I'm sure that it's an arguable point. I bet some felt that Legacies was the most anticipated book in our little community. Or perhaps Brian Keene's The Rising. Probably many felt that the Richard Matheson tribute anthology, He Is Legend, took the spot. But for me and a lot of other readers and collectors, the Richard Laymon tribute forthcoming from Cemetery Dance Publications, In Laymon's Terms, is the book that one that we want to see more than any other.

Richard Laymon. The name brings forth feelings of near deity status. Richard Laymon, as a writer, as a mentor, as a human being, meant so much to so many people. I never met the man, but I feel oddly as if I have.

Of course, not everyone is a fan. I've known people who vehemently dislike his work. They say that the books feel as if they were written by a twelve-year-old. A particularly perverted twelve-year-old. I can deal with that. I can't tell anyone what to like, and I'm damn sure not going to let anyone tell me what to like.

But to those of us that have read and have been delighted by Laymon's writing, the man is a God. For years and for dozens of publications, his work has been the standard of exploitation horror fiction. Many have tried to copy him. Few have succeeded in coming close. A few, such as Brett McBean's The Last Motel, have gotten it right.

Part of the reverence we feel has to do with the untimely death of Richard Laymon in 2001. How heartbreaking it was. And it remains. 2001 was the beginning of the Small Press Revolution. Things began going nuts then, and Richard Laymon was at the top of the mountain of writers that would be celebrated by the independent publishers. And his work was being published in his native United States after his work was practically shunned by the New York publishers for the previous decade or more.

I remember hearing about it as if it were yesterday. It started, we thought, as a rumor. Richard Laymon had died. False stories did and continue to fly through the Internet, and we hoped it was untrue. A group of us were at a forum that was called Horror.net at the time. An entirely different organization uses the domain now, but in 2001 I moderated a Horror Fiction Forum at Horror.net. All of us were hardcore Laymon fans. Horribly, we soon learned that it was true.

Since then, the cult of Richard Laymon fans has grown. Largely thanks to Leisure Books, who published numerous Laymon titles in their mass market paperback line. Many of us, however, had been in awe of Laymon for many years before Leisure began publishing him.

Laymon's debut novel, The Cellar, was something of a milestone in horror fiction. Sure, there were hard-hitting, over-the-top books published before The Cellar. Heck, Jack Ketchum's brutal Off Season was published in the same year. But few dealt with such ghastly situations with such glee as Richard Laymon did in The Cellar. It was always easy to see that he was having as much fun writing the books as his fans were having reading them.
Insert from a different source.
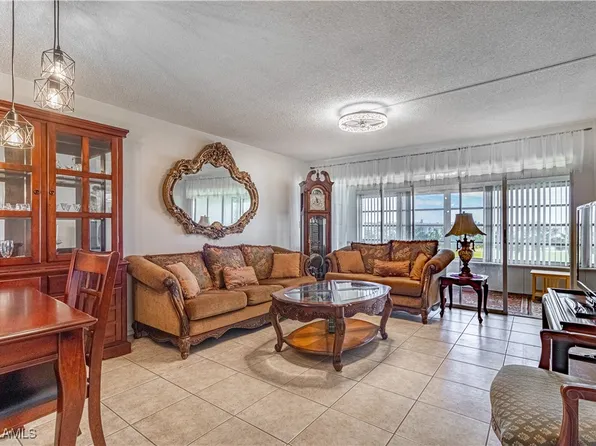 1828 Pine Valley Dr APT 309, Fort Myers, FL 33907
Cemetery Dance Publications announced a massive tribute anthology honoring Richard Laymon---when was it? Ten years ago? Probably not quite that long. It's been a long time though. This enormous undertaking has been many years in the making and I think it's going to be the biggest book of its type ever published in the genre. This thing is going to be huge.

CD customers expected their book long ago. Many were upset, but I never gave up hope or grew impatient. Of course those that preordered In Laymon's Terms had every right to be pissed off. This book has been in the making too long. Far too long. However...

CD was behind on a lot of their projects, and they have made incredible progress in not only catching up, but presenting a lot of new material for the horror and suspense reading crowd. And In Laymon's Terms is now listed on the Coming Soon page of the Cemetery Dance website. I have a feeling there are going to be a lot of happy Richard Laymon fans in the near future.

Like I said, I haven't been in a hurry. I'd rather wait and get the best possible book, rather than have it rushed out before it's perfect.

This book, In Laymon's Terms, is simply a must-own volume for any horror fiction fan's library. Those that dislike Laymon's writing will pass, of course, but everyone else needs to own it. Devotees of Richard Laymon have surely preordered it by now. Those that are new to his work, or those that haven't read a lot of it, should grab a copy while they still can.